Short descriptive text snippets
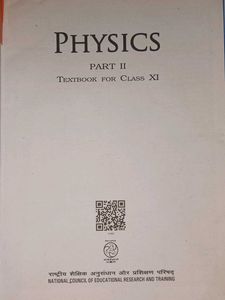 Physics Part II - Class XI Textbook
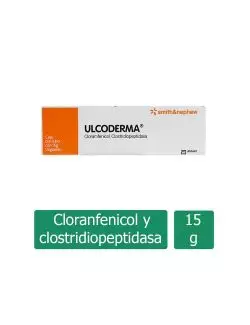 Ulcoderma Ungüento Caja Con Tubo Con 15 g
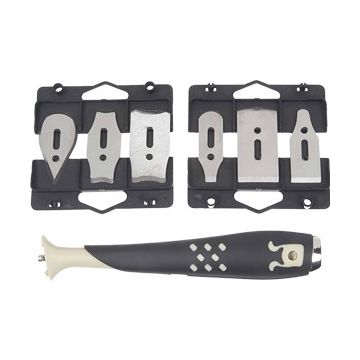Hyde Contour Scraper Kit w/ 6 Blades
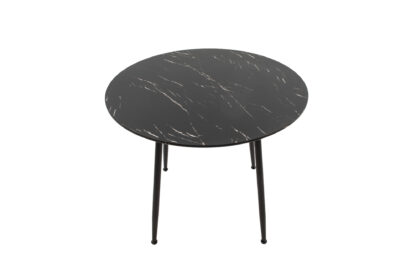 Masa bucatarie MB-86, 90x75 cm, Negru - imagine 5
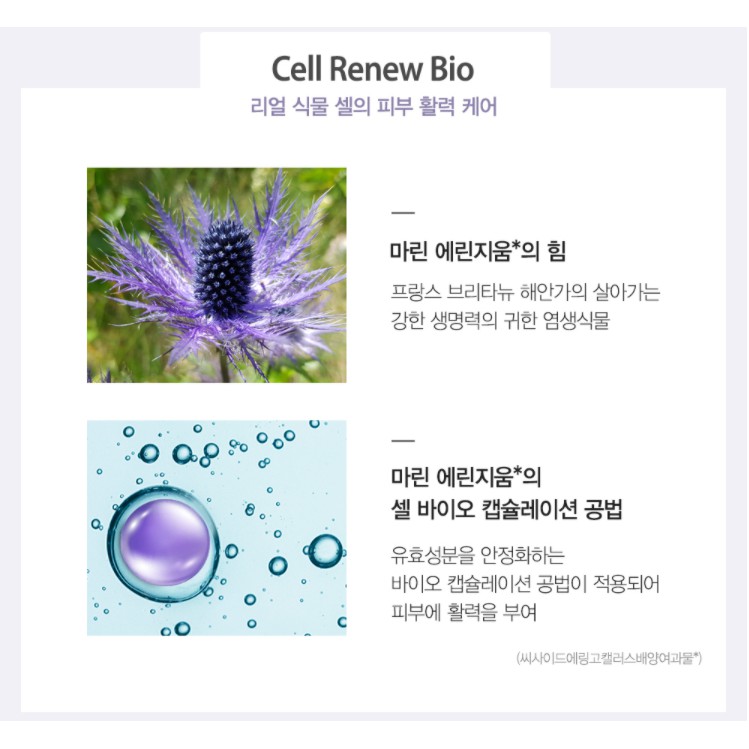 Tinh chất từ 1 triệu tế bào thực vật TheSaem Cell Renew Bio Essence 60ml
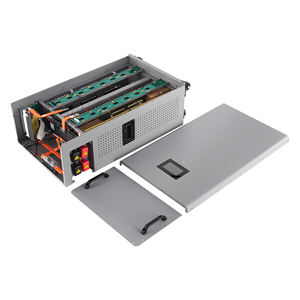 Stock UE Batterie prismatique LiFePO4 Yixiang Boîte S1 48V/51.2V 15kWh Stockage d'énergie domestique DIY BMS JK Aérosol extincteur - Product Image 4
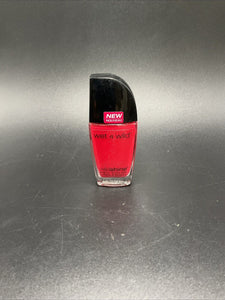 Wet n Wild Wild Shine Nail Color Polish, Red Red 476E, 0.41 fl oz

Required action ▸ Quote precisely the lines of the data from the line containing "Stock UE Batterie" through its final line, both included, excluding pictures.

Answer area ▸
 Stock UE Batterie prismatique LiFePO4 Yixiang Boîte S1 48V/51.2V 15kWh Stockage d'énergie domestique DIY BMS JK Aérosol extincteur - Product Image 4
 Wet n Wild Wild Shine Nail Color Polish, Red Red 476E, 0.41 fl oz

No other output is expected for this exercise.